Applicable Laws” shall mean all laws, ordinances, orders, rules and regulations (state, federal, municipal or promulgated by other agencies or bodies having jurisdiction over the Building and the Leased Premises).

BOMA Standards” shall mean the American National Standard method for Measuring Floor Area in Office Buildings as promulgated by the Buildings Owners and Managers Association.

Broker” shall mean Colliers Turley Martin Tucker Company (“Landlord’s Broker”) on behalf of Landlord, and Halakar Real Estate (“Tenant’s Broker”), on behalf of Tenant.

Common Areas” shall mean and include the Building’s central mechanical room, postal and security stations, janitorial facilities, ground floor lobby, corridors, elevator foyers, rest rooms, mechanical rooms, electric and telephone closets, loading dock area and other similar facilities for the use of all tenants within the Building.

Person” shall mean any person or entity.

Personal Property” shall mean and shall include all the tangible personal property owned or used by Tenant which is either physically located on the Leased Premises or used in connection with the Leased Premises, including, without limitation, Trade Fixtures, Telecommunications Equipment, furniture, office equipment, other movable equipment, computer and telephone equipment, the telephone system, local area network and security card reader system and any cable or wiring installed by Tenant.

Rentable Area” shall mean “useable square feet” as established by Landlord based on the BOMA Standards plus an additional 10% Common Areas factor.

Tenant Inducements” shall mean all benefits expressly afforded to a tenant or subtenant, whether as a tenant improvement allowance, moving expense allowance, lease buy-out or other economic benefit.
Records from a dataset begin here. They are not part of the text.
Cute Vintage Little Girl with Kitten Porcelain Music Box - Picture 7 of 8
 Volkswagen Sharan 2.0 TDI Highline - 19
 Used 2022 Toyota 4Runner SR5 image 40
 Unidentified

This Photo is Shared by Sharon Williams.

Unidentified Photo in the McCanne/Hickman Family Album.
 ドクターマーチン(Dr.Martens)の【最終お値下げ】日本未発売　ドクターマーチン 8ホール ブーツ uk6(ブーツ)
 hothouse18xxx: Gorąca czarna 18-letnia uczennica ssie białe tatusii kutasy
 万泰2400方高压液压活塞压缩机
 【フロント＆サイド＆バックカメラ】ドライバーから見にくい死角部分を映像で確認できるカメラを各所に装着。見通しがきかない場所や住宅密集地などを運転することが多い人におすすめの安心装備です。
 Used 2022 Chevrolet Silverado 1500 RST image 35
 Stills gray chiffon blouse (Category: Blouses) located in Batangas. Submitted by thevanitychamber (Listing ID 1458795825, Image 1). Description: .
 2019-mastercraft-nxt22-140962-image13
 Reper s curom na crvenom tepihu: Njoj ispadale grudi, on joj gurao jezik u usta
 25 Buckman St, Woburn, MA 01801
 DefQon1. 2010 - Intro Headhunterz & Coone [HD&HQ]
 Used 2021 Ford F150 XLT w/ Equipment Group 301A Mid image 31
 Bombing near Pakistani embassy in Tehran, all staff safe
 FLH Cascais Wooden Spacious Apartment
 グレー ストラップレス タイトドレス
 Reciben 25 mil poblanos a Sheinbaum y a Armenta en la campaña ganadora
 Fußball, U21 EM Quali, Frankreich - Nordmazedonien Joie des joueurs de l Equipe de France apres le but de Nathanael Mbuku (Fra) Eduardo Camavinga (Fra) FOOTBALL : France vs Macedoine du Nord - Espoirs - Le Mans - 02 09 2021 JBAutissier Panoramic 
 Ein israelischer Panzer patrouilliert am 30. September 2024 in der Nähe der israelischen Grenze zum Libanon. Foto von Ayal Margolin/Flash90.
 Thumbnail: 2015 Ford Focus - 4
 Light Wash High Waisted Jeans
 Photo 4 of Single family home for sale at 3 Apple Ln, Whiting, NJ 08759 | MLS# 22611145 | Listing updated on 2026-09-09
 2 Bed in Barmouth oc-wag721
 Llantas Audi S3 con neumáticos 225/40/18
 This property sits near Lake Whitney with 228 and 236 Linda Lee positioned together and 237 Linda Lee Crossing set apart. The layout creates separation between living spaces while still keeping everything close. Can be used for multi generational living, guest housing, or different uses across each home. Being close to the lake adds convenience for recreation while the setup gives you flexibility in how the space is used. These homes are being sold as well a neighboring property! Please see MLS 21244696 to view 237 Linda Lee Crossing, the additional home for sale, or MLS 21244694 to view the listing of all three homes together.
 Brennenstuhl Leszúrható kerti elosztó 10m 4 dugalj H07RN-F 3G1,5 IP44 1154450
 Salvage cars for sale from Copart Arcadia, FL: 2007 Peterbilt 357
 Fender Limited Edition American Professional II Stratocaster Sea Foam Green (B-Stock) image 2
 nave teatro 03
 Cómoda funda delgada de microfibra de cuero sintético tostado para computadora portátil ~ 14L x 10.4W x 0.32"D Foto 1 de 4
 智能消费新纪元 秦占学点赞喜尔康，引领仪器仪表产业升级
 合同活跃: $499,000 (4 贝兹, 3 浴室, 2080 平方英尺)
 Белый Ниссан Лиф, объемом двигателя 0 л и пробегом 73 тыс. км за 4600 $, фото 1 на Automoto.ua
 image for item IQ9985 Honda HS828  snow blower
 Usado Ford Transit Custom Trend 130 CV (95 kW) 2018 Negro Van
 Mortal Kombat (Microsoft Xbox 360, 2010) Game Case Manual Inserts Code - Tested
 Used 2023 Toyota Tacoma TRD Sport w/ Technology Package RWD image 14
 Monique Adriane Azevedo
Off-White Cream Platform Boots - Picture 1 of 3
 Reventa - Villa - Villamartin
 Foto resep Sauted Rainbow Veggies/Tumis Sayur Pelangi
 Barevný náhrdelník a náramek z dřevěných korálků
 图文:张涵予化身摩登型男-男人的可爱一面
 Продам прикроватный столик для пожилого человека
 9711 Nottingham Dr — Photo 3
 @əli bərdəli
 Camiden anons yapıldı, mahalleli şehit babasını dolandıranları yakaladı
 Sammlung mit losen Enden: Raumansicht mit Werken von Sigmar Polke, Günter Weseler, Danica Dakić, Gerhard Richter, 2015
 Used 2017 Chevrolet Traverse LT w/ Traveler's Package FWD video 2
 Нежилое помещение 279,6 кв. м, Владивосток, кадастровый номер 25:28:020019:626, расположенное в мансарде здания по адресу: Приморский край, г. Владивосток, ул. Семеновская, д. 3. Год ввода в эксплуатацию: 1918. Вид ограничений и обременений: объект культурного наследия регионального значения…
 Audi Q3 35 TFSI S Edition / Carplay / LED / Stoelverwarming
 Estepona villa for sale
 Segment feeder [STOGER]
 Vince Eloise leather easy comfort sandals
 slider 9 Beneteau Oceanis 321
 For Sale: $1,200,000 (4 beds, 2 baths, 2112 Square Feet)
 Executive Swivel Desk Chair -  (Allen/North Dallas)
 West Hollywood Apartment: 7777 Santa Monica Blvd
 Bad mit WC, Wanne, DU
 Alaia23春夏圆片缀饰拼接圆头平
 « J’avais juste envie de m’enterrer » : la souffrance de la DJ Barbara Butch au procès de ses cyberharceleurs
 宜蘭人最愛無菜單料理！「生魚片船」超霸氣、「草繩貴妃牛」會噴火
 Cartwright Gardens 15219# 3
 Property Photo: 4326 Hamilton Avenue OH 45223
Tenant’s Proportionate Share” shall mean 24.71% for the 5th Floor Space and 25.07% for the 4th Floor Space of the Leased Premises. Tenant’s Proportionate Share is based on the resulting percentage when dividing the Rentable Area of the Leased Premises by the Rentable Area of the Office Area of the Building. Tenant’s Proportionate Share may change from time to time over the Lease Term by Tenant’s exercising options to expand or contract the Leased Premises. Upon exercising any of the options for expansion or contraction of the Leased Premises subject to Section 1.02, the parties shall enter into a lease memorandum agreement evidencing, in part, the adjustment to “Tenant’s Proportionate Share.”

Trust” shall mean the Lake County Trust Company Trust #3535.